La Corte, che ha già chiarito la propria posizione su ogni singolo reato, comincia dalla pena per il tentativo di rapina e non di furto e parte con un preambolo molto duro: nell’applicare la pena, la Corte non può indulgere, tenuto conto della gravità del fatto, delle conseguenze di esso, dei pessimi precedenti degli imputati – specialisti in furto – i quali hanno commessa la rapina poco dopo che l’uno e l’altro aveano finito di espiare una grave pena (l’ennesima) per altri furti, onde crede opportuno (qui la Corte fa un calcolo molto complicato, che è superfluo riportare. Nda) condannarli a 15 anni di reclusione ciascuno, più pene accessorie. Per il furto ai danni della SIRTI la condanna è di 4 anni di reclusione ciascuno.

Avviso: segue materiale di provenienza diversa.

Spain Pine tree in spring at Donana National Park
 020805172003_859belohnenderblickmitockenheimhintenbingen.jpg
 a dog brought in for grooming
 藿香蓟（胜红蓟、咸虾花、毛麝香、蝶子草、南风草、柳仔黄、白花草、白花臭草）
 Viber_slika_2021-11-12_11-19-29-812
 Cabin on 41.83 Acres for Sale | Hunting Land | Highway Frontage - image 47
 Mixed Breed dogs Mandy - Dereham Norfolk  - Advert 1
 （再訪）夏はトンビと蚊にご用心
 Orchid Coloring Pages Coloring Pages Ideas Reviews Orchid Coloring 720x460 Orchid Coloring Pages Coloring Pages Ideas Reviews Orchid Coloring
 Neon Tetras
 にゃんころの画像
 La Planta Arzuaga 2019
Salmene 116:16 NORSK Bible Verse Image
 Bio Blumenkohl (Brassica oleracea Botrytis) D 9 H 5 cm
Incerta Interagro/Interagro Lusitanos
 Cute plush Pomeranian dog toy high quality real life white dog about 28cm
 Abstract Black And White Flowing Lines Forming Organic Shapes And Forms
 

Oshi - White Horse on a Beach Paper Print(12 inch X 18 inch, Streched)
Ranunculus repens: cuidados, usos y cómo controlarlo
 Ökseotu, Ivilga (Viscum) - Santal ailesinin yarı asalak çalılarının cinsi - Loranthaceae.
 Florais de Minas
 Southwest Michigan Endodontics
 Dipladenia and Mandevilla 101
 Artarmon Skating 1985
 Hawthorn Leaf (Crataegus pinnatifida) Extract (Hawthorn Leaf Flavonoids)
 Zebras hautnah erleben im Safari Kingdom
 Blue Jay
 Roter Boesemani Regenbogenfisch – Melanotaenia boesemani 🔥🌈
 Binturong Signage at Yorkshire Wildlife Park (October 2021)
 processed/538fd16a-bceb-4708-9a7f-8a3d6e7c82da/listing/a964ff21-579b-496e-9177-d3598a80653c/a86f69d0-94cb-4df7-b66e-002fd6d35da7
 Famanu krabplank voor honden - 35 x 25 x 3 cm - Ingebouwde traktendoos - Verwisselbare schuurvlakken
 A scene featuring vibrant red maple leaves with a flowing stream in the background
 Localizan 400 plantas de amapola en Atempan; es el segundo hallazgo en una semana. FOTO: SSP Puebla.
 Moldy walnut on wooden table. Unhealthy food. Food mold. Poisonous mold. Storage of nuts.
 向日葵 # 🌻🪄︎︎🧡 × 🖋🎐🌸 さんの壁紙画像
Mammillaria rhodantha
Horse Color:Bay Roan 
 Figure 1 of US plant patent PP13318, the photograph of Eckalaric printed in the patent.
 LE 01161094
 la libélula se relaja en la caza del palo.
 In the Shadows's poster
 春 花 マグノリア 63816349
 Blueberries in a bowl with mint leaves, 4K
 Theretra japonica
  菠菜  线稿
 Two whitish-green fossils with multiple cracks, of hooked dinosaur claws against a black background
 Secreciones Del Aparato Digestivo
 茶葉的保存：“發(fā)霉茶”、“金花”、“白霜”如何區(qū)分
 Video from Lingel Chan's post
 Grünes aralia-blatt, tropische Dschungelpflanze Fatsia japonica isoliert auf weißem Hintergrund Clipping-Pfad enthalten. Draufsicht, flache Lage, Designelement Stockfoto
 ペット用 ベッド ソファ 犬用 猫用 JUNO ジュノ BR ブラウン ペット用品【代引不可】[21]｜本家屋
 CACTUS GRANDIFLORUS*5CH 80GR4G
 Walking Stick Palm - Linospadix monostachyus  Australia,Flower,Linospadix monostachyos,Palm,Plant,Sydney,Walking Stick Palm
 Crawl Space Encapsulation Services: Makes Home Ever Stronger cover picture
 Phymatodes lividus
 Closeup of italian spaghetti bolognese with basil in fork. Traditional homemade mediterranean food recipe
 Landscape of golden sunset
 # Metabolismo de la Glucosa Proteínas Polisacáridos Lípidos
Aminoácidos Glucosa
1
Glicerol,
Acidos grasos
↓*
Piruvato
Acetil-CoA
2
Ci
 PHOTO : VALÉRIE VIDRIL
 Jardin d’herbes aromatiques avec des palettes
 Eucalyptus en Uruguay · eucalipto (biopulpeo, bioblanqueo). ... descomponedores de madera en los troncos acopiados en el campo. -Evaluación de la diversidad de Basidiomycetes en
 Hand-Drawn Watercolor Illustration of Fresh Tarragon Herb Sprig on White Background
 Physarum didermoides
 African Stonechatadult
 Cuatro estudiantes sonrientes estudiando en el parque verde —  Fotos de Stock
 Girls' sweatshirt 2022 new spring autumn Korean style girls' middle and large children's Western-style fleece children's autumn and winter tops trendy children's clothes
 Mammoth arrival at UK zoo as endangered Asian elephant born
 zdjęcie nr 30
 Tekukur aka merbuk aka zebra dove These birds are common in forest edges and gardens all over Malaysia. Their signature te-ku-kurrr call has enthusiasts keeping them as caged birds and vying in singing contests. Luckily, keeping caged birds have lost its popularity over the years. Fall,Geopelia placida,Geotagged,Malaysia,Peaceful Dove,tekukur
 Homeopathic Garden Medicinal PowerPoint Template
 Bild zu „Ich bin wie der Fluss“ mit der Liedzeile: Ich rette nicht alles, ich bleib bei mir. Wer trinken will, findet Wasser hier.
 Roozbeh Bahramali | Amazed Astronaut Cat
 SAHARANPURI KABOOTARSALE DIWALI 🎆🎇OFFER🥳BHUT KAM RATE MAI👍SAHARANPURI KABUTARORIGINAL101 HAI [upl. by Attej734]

In merito all’omicidio la Corte scinde le posizioni dei due imputati e parte da Carmine D’Eloise, al quale ha già cancellato la micidiale aggravante contestatagli e continua nei suoi calcoli: 24 anni di reclusione che vanno raddoppiati per la recidiva specifica iterata. Quindi, sommando le pene per i tre reati principali (ci sarebbero anche quelli di porto abusivo di rivoltella, omessa denuncia dell’arma e false generalità all’Autorità Giudiziaria), il totale sarebbe di 67 anni di reclusione.
Per quanto riguarda Francesco De Marco che, come abbiamo appena visto, ha già totalizzato 19 anni di reclusione, per quanto riguarda l’omicidio, la Corte ritiene che, poiché la sua opera nell’esecuzione ebbe minima importanza, sia equo irrogargli una pena minore: 21 anni di reclusione, da raddoppiarsi per la recidiva. Quindi, in totale farebbero 61 anni.
Ma, considerato che la pena della reclusione non può superare i 30 anni, onde il cumulo delle pene, come sopra inflitte, deve ridursi in tal limite. 30 anni di reclusione.[1]
È l’8 novembre 1939 e la Seconda Guerra Mondiale semina già migliaia di morti in mezza Europa.
Non abbiamo notizia di ricorsi in Appello e per Cassazione.
[1] ASCZ, Sezione di Lamezia Terme, Sentenze della Corte d’Assise di Cosenza.